Slee’s analysis is supported by other observers. Writing for The Nation last year, Doug Henwood described the Sharing Economy as “a classically neoliberal response to neoliberalism: individualized and market-driven, it sees us all as micro-entrepreneurs fending for ourselves in a hostile world.” Likewise, Steven Hill connects the Sharing Economy to the ass-kicking that workers have received in recent decades. In “Raw Deal: How the ‘Uber Economy’ and Runaway Capitalism Are Screwing American Workers,” Hill considers the increasing fraction of Americans who rely on casual and temporary employment to make ends meet. He also recounts the wrangles the Sharing Economy has generated and suggests policies that would reroute gains from higher productivity and new technologies to struggling workers and families.In short, the Sharing Economy in its current form represents an especially untempered version of capitalism. But one wonders where it goes from here. The most successful companies have faced considerable pushback, especially in San Francisco. Last year, Airbnb spent $8 million to defeat Proposition F, which would have placed limits on short-term rentals. It also agreed to collect hotel taxes on those rentals and forked over $12 million to the city last year. The company then waged an advertising campaign trumpeting its tax payments that infuriated many locals. “Dear Public Library System,” some of its signs read, “We hope you use some of the $12 million in taxes to keep the library open later. Love, Airbnb.” Other signs asked the city to use the money to feed all expired parking meters. After years of waxing poetic about community, Airbnb wanted a cookie for paying its taxes. “The intent was to show the hotel tax contribution from our hosts and guests, which is roughly $1 million per month,” a company spokesman said. “It was the wrong tone, and we apologize to anyone who was offended. These ads are being taken down immediately.”

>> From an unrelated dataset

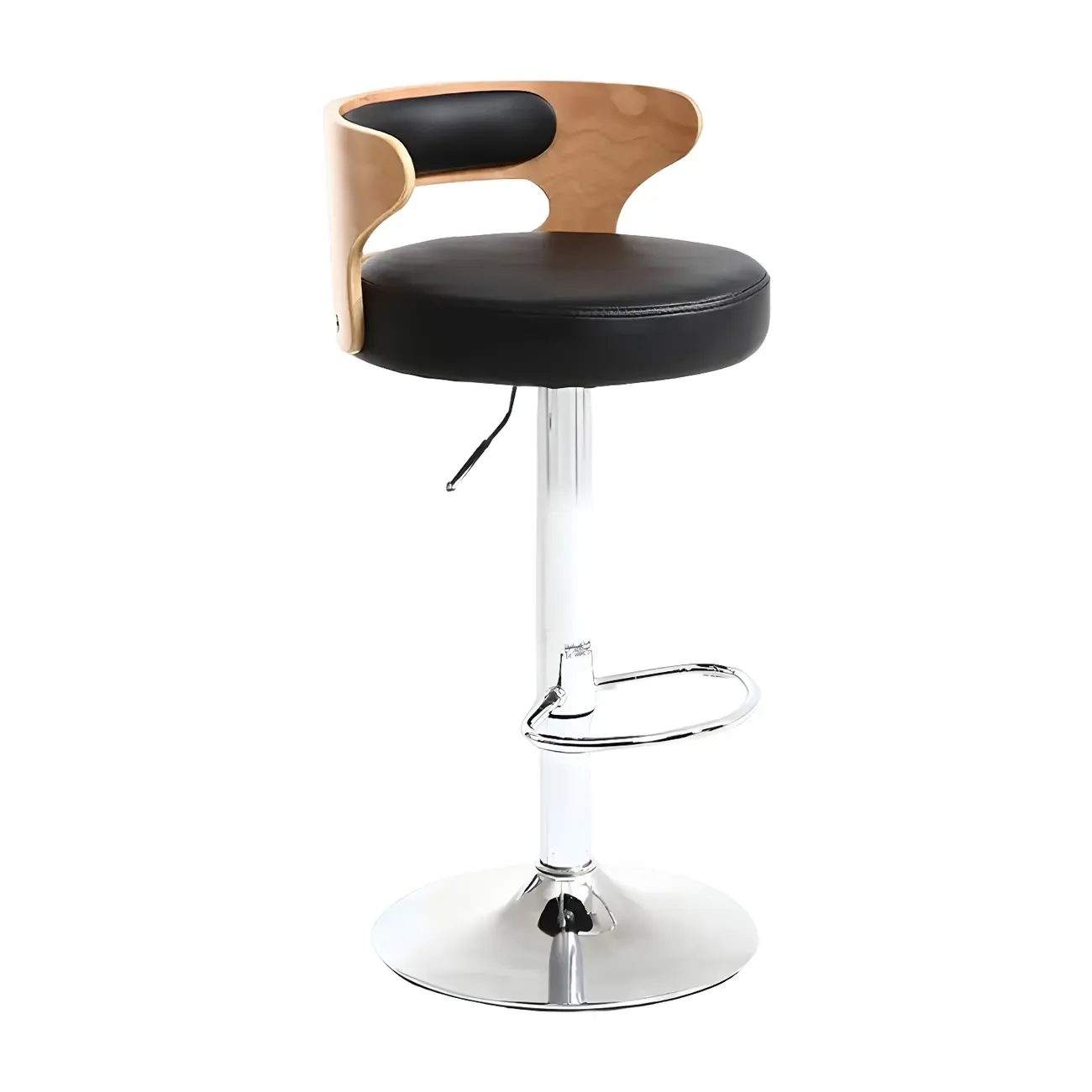 Adjustable Round Leather Swivel Bar Stools with Back Image - 30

Uber also faces serious challenges. Last year, the California Labor Commission ruled that one of its drivers was an employee, not an independent contractor. Uber tried to thwart a class-action lawsuit on the same point, arguing in San Francisco federal court that it wasn’t a taxi service but merely a technological intermediary between potential riders and potential drivers. The judge called that argument “fatally flawed in numerous respects,” and allowed more than 100,000 drivers to join the lawsuit. The trial date is set for June. Even more than Airbnb, Uber also commits careless media errors. Its executives are notorious for high-profile gaffes, especially sexist ones, leading one public relations professional to suggest a new mobile phone application that would “temporarily ban executives from speaking to the media or public without first seeking professional communications and policy advice.” Another professional opined that “Uber doesn’t need to fix its image; it needs to fix its culture.”

To improve its image, Airbnb hired former Clinton aide Chris Lehane as head of global policy and public affairs. Lehane, whom Karl Rove described as “one of the Democratic Party’s best opposition researchers,” handled damage control during the Monica Lewinsky affair. He immediately pledged to vanquish the opposition. “I am committed to playing to win when it comes to standing up and fighting for the rights of everyday people to share their homes,” Lehane said. As an everyday person myself, I am profoundly unmoved by this vaunt.

For its part, Uber recruited former Obama adviser David Plouffe to serve as senior vice president for policy and strategy. The public announcement, which favored the word “insurgent” and its variants at every turn, also quoted besmirched Chicago Mayor Rahm Emanuel on Plouffe’s political skills. Colorado Gov. John Hickenlooper bragged that his state “has led the way on innovative transportation options like Uber” and declared that Plouffe “brings the same progressive approach.” With progressives like these, who needs reactionaries?

If the so-called Sharing Economy is better understood as the Scofflaw Economy, more grass-roots progressives are likely to find Slee’s critique persuasive. Indeed, many Americans might already agree with him that “the naivete of twenty-six-year-old CEOs [and] the hubris of their venture capital advisers … do not bode well.”